* _DATA FOR THIS EXERCISE_
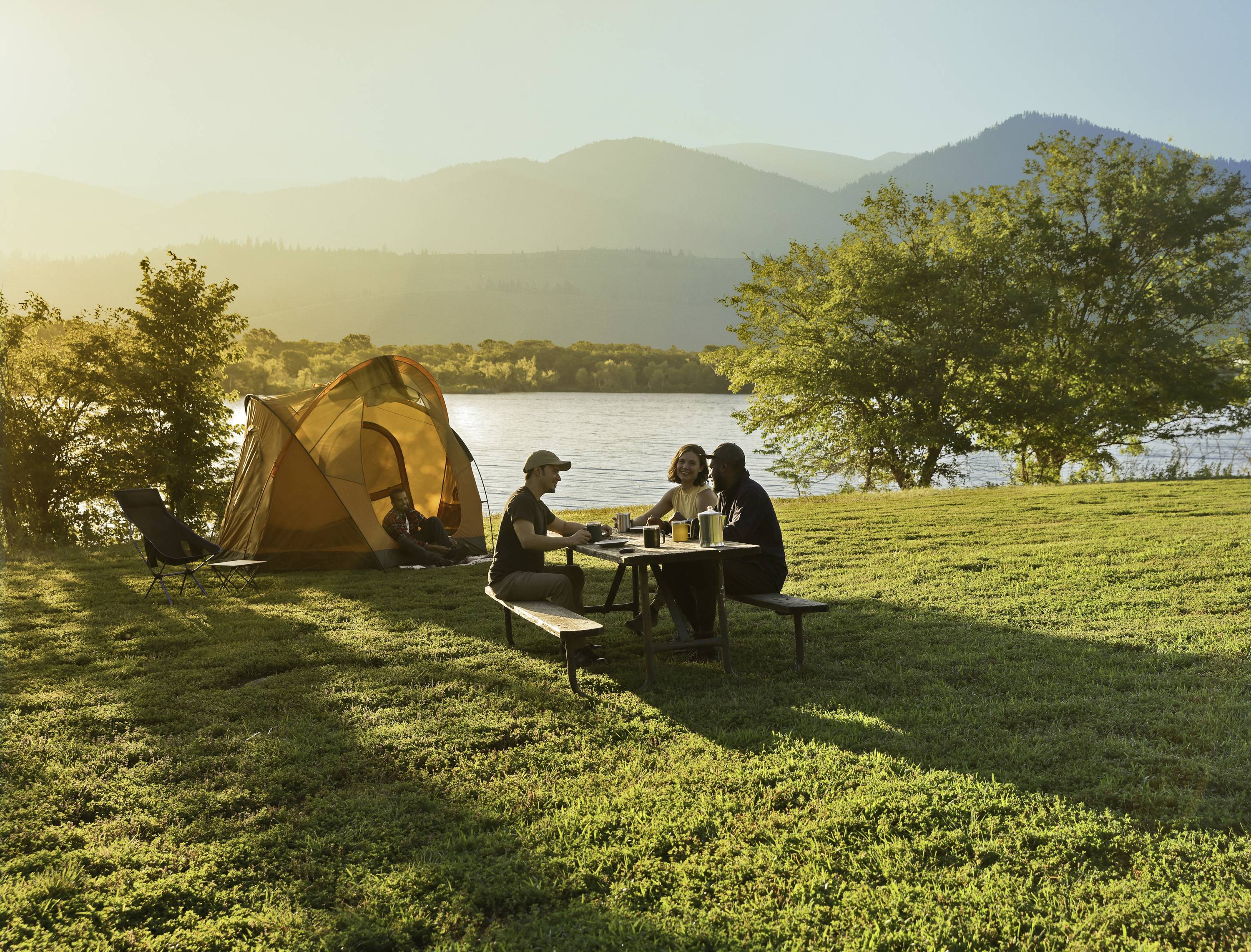 Drei Personen sitzen an einem Picknicktisch neben einem Zelt am See. Die Sonne geht unter, und im Hintergrund sind Berge zu sehen.
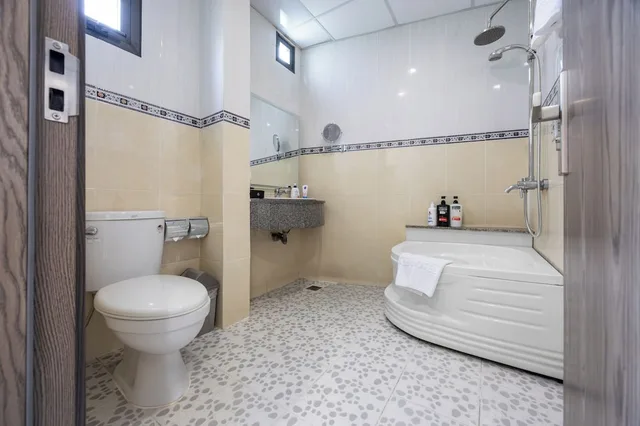 غرفة عائلية ثلاثية بسرير كوين وسرير فردي، A25 Hotel - 65G Nguyen Thai Hoc 9/10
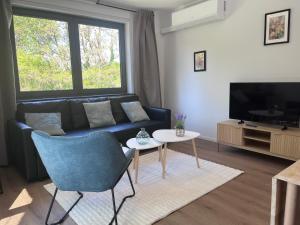 a living room with a couch and a tv at Secret garden 3 in Mellehoek
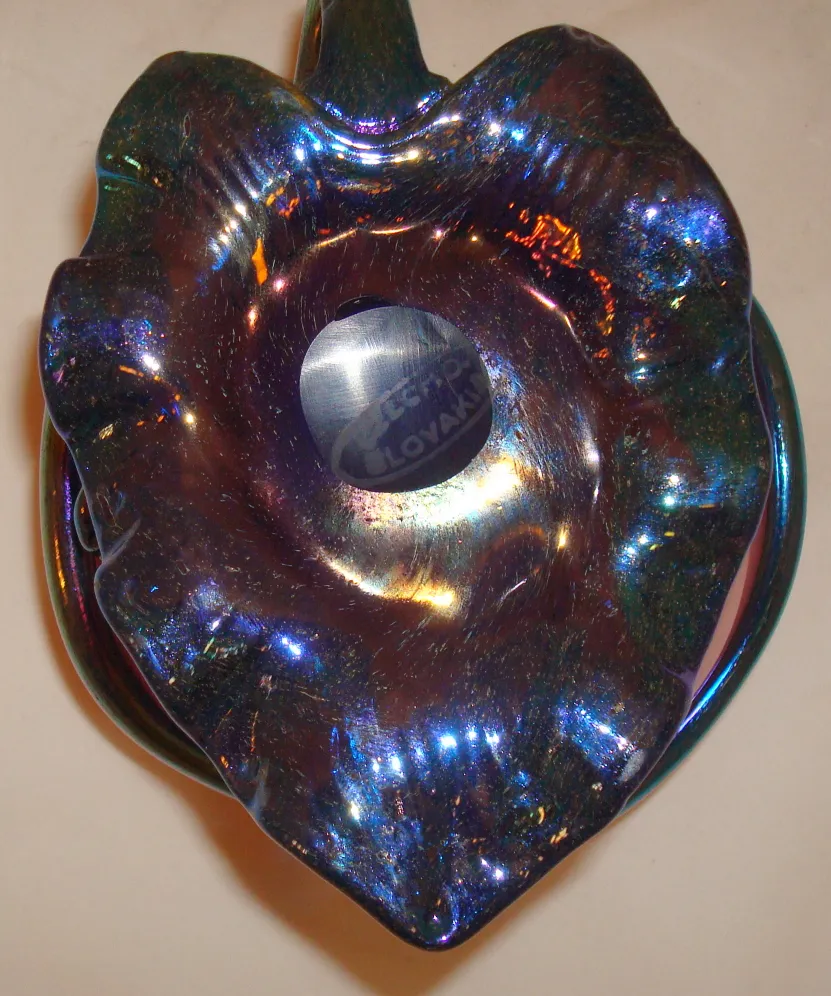 Decorative signed glass Loetz with a colorful, shiny design in a vintage setting.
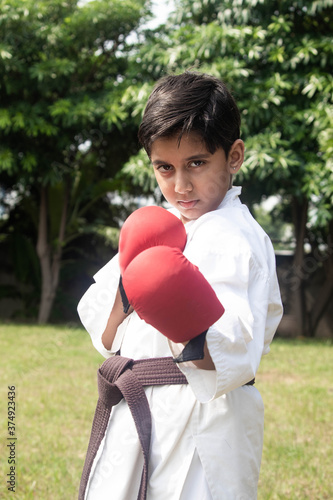 Sporty Asian Indian Kid Posing With Boxing Gloves And Aggression In Eyes Wearing White Karategi Kimono
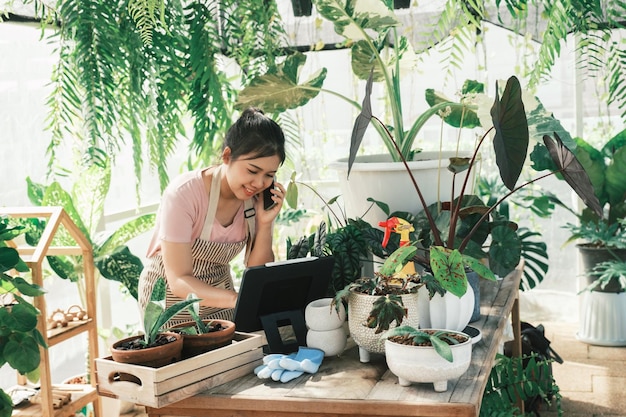 O proprietário da loja de plantas jovem está verificando o pedido do cliente no site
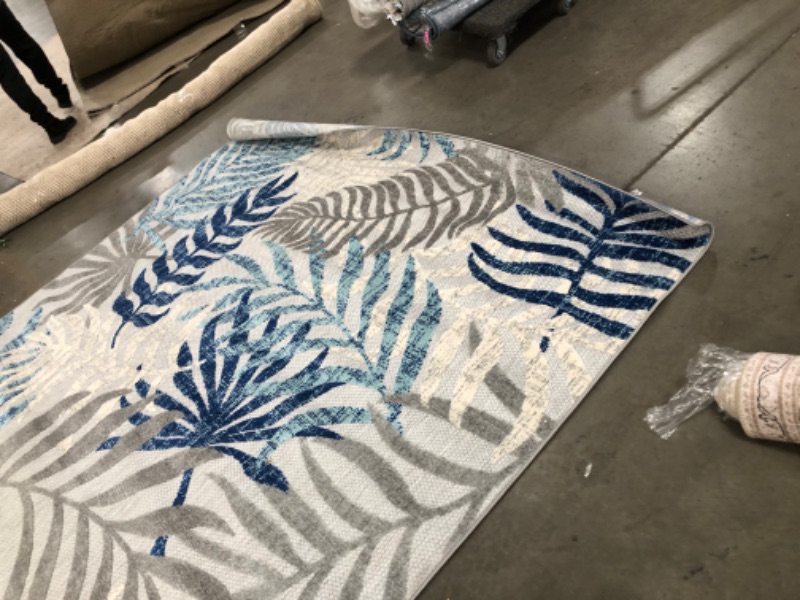 Photo 1 of **USED, NEEDS CLEANING**
7.8  X 10 BLUE,GREY,SILVER RUG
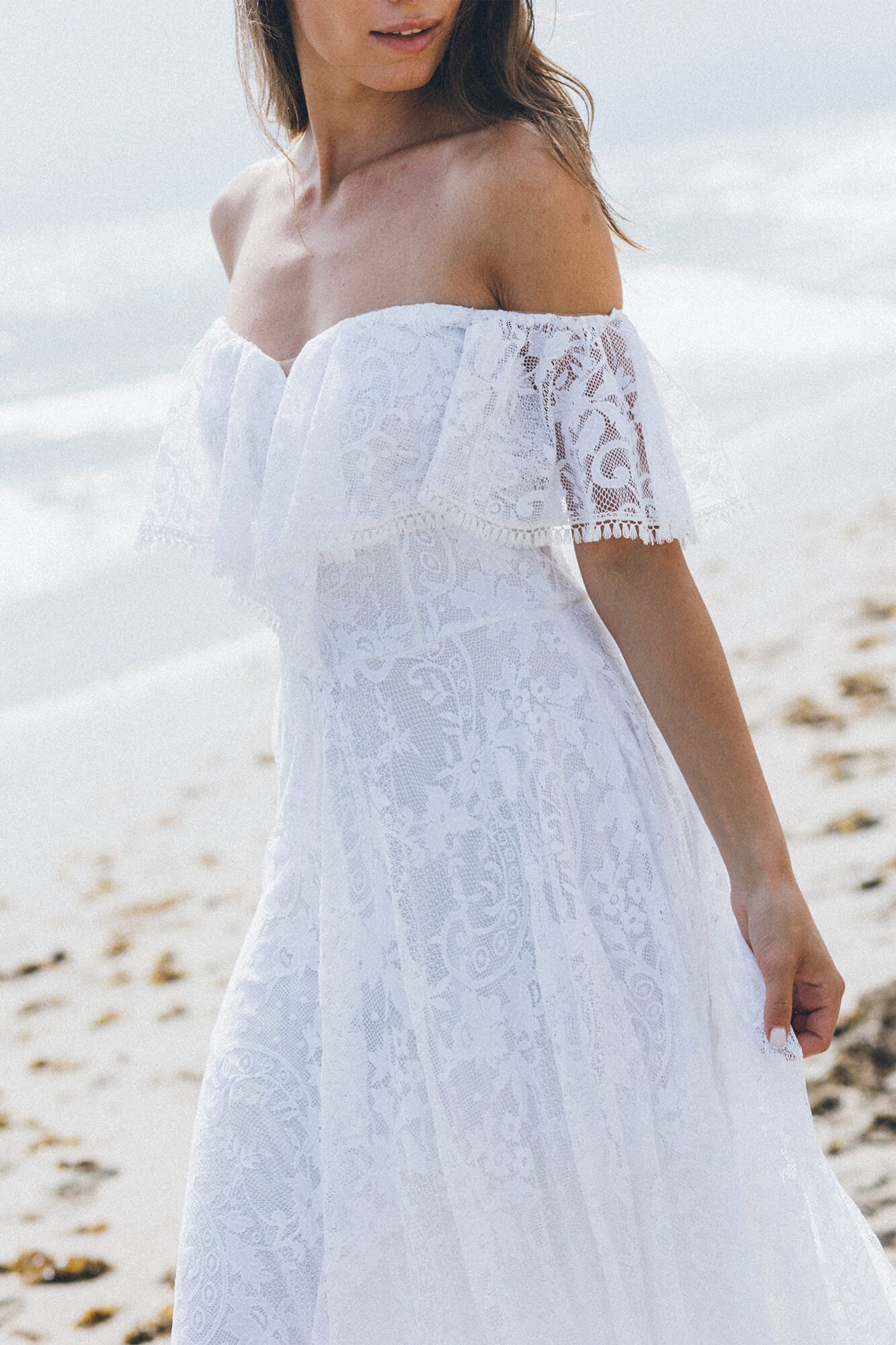 suknia ślubna z koronkowymi rękawami i dekoltem typu off-shoulder, na tle plaży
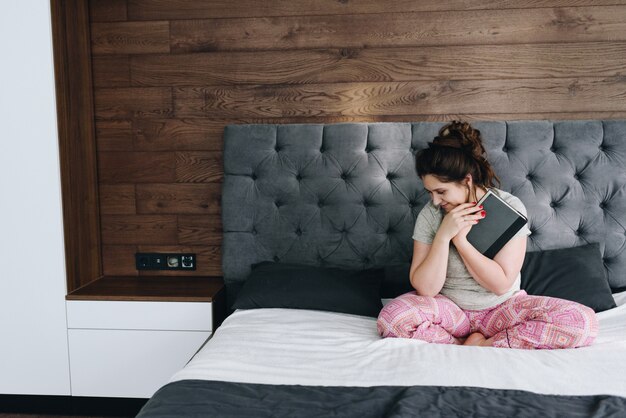 Young caucasian pretty woman with a book on her bed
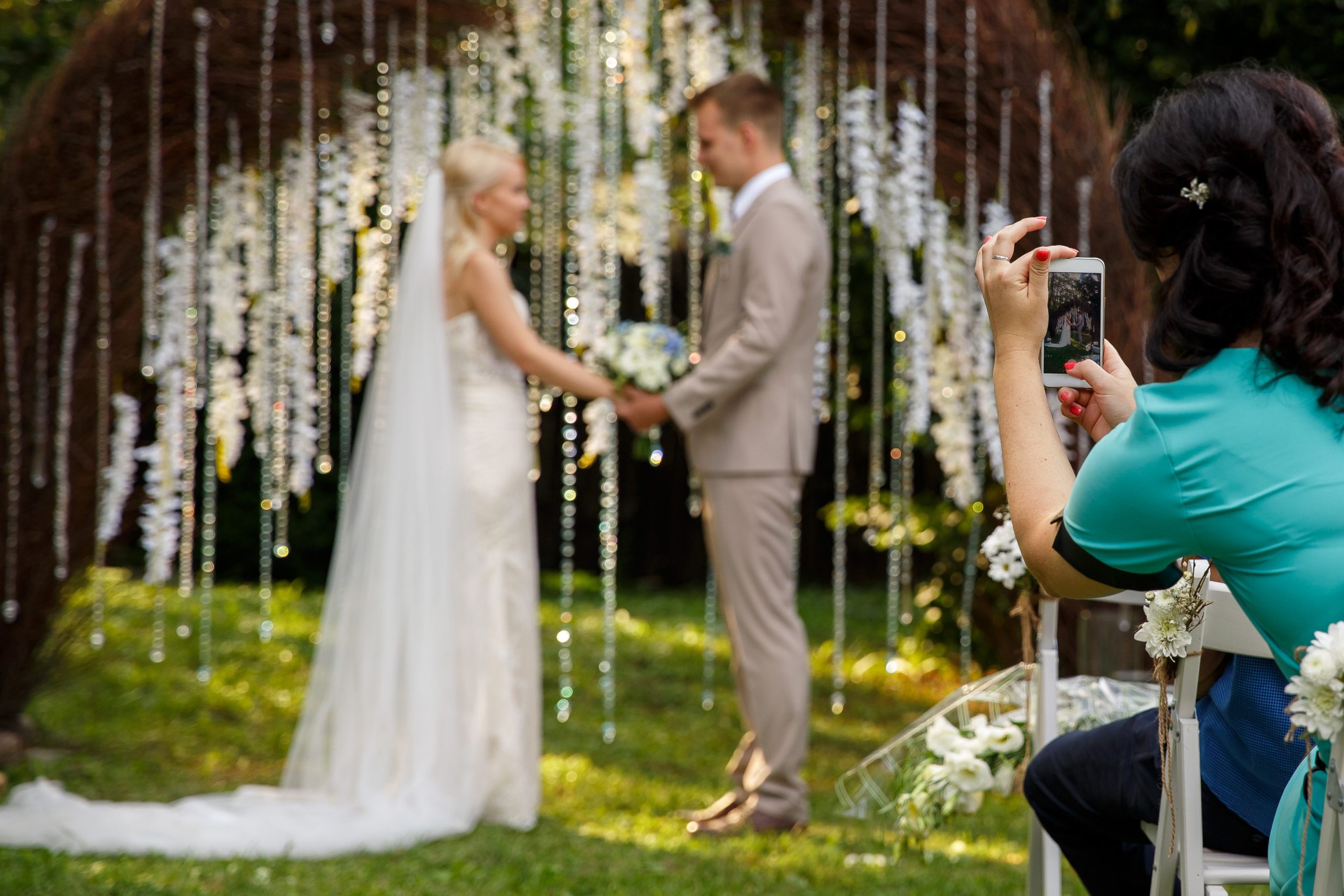 woman making promo videoblog or photo session on wedding. vlogger or journalist or blogger recording video with smartphone at wedding ceremony. selective focus on woman with smart phone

* _PROBLEM TO WORK ON_
Would you write each entry out again exactly, omitting the images?

* _TASK OUTPUT_
 Drei Personen sitzen an einem Picknicktisch neben einem Zelt am See. Die Sonne geht unter, und im Hintergrund sind Berge zu sehen.
 غرفة عائلية ثلاثية بسرير كوين وسرير فردي، A25 Hotel - 65G Nguyen Thai Hoc 9/10
 a living room with a couch and a tv at Secret garden 3 in Mellehoek
 Decorative signed glass Loetz with a colorful, shiny design in a vintage setting.
 Sporty Asian Indian Kid Posing With Boxing Gloves And Aggression In Eyes Wearing White Karategi Kimono
 O proprietário da loja de plantas jovem está verificando o pedido do cliente no site
 Photo 1 of **USED, NEEDS CLEANING**
7.8  X 10 BLUE,GREY,SILVER RUG
 suknia ślubna z koronkowymi rękawami i dekoltem typu off-shoulder, na tle plaży
 Young caucasian pretty woman with a book on her bed
 woman making promo videoblog or photo session on wedding. vlogger or journalist or blogger recording video with smartphone at wedding ceremony. selective focus on woman with smart phone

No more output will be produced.